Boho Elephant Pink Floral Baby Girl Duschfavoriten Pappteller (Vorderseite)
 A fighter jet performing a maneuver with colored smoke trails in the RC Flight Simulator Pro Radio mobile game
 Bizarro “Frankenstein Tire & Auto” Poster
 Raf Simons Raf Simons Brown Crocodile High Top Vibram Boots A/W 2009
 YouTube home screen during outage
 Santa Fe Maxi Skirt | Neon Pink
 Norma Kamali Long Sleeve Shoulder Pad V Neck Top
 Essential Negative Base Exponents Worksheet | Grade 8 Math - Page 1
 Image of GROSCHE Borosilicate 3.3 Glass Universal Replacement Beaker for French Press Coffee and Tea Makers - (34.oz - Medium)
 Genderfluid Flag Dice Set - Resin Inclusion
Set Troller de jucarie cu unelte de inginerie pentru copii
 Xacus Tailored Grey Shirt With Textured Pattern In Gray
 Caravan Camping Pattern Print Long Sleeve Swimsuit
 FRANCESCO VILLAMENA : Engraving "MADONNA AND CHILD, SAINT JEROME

————————

■ What is being asked
All that should be returned is the run of lines from the one with "Norma Kamali Long" to the last line of the material above, copied exactly.

■ Finished exercise
 Norma Kamali Long Sleeve Shoulder Pad V Neck Top
 Essential Negative Base Exponents Worksheet | Grade 8 Math - Page 1
 Image of GROSCHE Borosilicate 3.3 Glass Universal Replacement Beaker for French Press Coffee and Tea Makers - (34.oz - Medium)
 Genderfluid Flag Dice Set - Resin Inclusion
Set Troller de jucarie cu unelte de inginerie pentru copii
 Xacus Tailored Grey Shirt With Textured Pattern In Gray
 Caravan Camping Pattern Print Long Sleeve Swimsuit
 FRANCESCO VILLAMENA : Engraving "MADONNA AND CHILD, SAINT JEROME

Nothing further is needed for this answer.